De acordo com o PBS NewsHour, citando um relatório da Associated Press, desde que o Irão e os EUA chegaram a um impasse efectivo no Estreito de Ormuz, os operadores do transporte marítimo global desviaram-se em grande escala para o Canal do Panamá; as taxas de passagem temporárias chegaram a atingir 4 milhões de dólares, um nível raro nos últimos anos, reflectindo que o bloqueio no Médio Oriente está a reescrever a estrutura dos custos do transporte marítimo mundial.
O mecanismo de leilão faz com que passe à frente o maior licitante; os navios sem reserva não conseguem esperar
O Canal do Panamá normalmente cobra uma tarifa fixa, combinada com um sistema de reservas, mas, se não houver marcação prévia, as companhias de navegação só podem disputar os horários de passagem através do mecanismo de leilão da autoridade do canal, vencendo quem oferecer mais. Este era originalmente um corredor de contingência destinado apenas a alguns casos urgentes; porém, durante o impasse no Estreito de Ormuz, a procura ultrapassou em muito a capacidade diária habitual do canal, e os montantes dos leilões dispararam rapidamente.

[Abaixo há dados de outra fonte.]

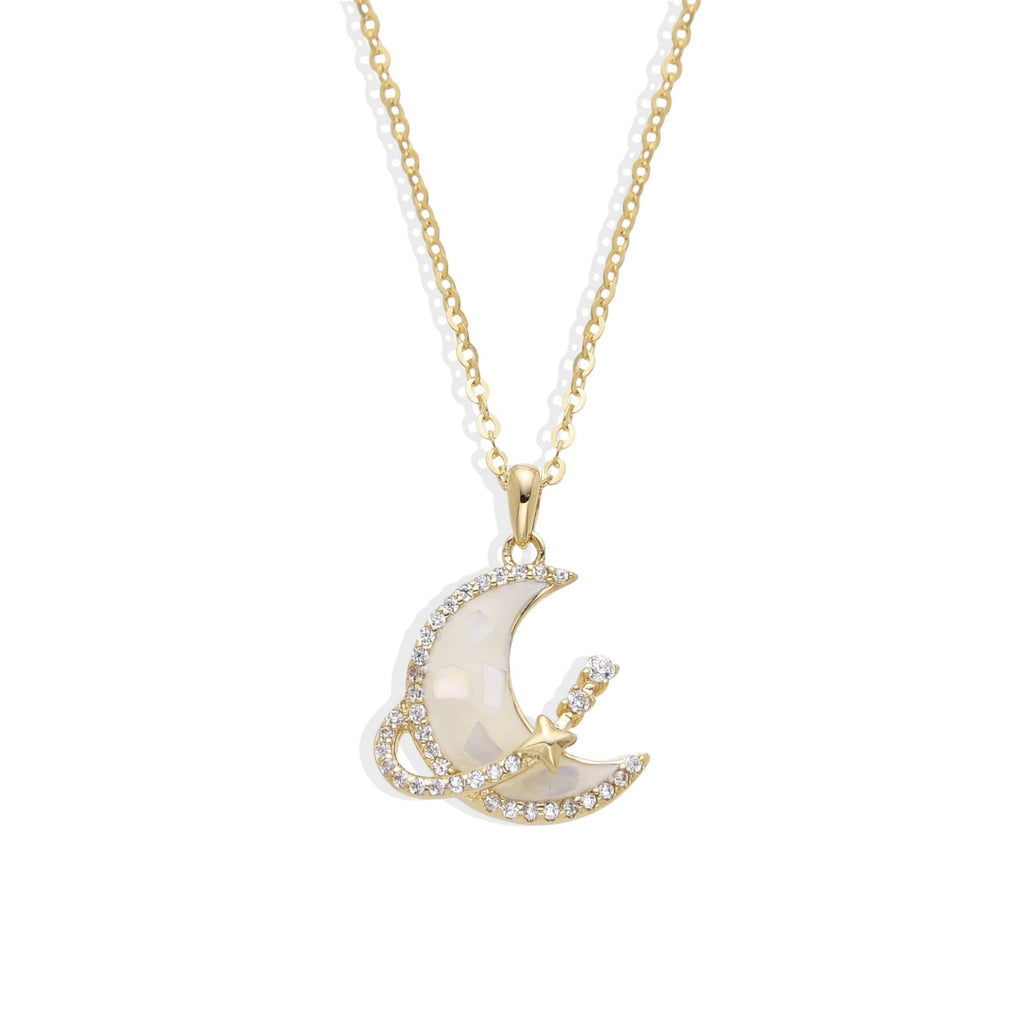 Moon Necklace with Hoop and Zirconia in 925 Silver with 18k Gold Plated-Necklaces-GULI GULI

O administrador do canal, Ricaurte Vásquez, afirmou que, nos últimos semanas, a procura explodiu e os preços vencedores aumentaram rapidamente: «A opção para quem não tem reserva é esperar alguns dias ao largo, fora da Cidade do Panamá». Para os navios-tanque e os navios porta-contentores que precisam de atracar com urgência, as multas por incumprimento contratual e os custos de armazenagem causados pelo tempo de espera acabam, na maioria das vezes, por ser muito superiores ao aumento no valor do leilão.
A autoridade do canal dá exemplos: um navio-tanque que desviou temporariamente para Singapura pagou mais 4 milhões de dólares
Vásquez revelou o caso mais representativo: um navio originalmente destinado a entregar combustível na Europa, mas que, devido à situação geopolítica, foi forçado a desviar-se para Singapura. O navio conseguiu ainda, através do leilão, garantir um slot de passagem e acabou por pagar mais 4 milhões de dólares: «Eles queriam levar o combustível para a Europa; depois mudaram para Singapura, porque os stocks em Singapura estão a ficar quase no fim e é preciso receber imediatamente.»
Para alguns operadores, mesmo somando os 4 milhões de dólares das taxas do leilão, desviar pelo Canal do Panamá continua a ser mais vantajoso do que seguir pelo Estreito de Ormuz. Várias companhias de navegação disseram à Fortune que, neste momento, a escolha “mais segura e mais barata” é desviar—este comentário reflecte directamente a forma como o mercado está a precificar o prémio de risco do Estreito de Ormuz.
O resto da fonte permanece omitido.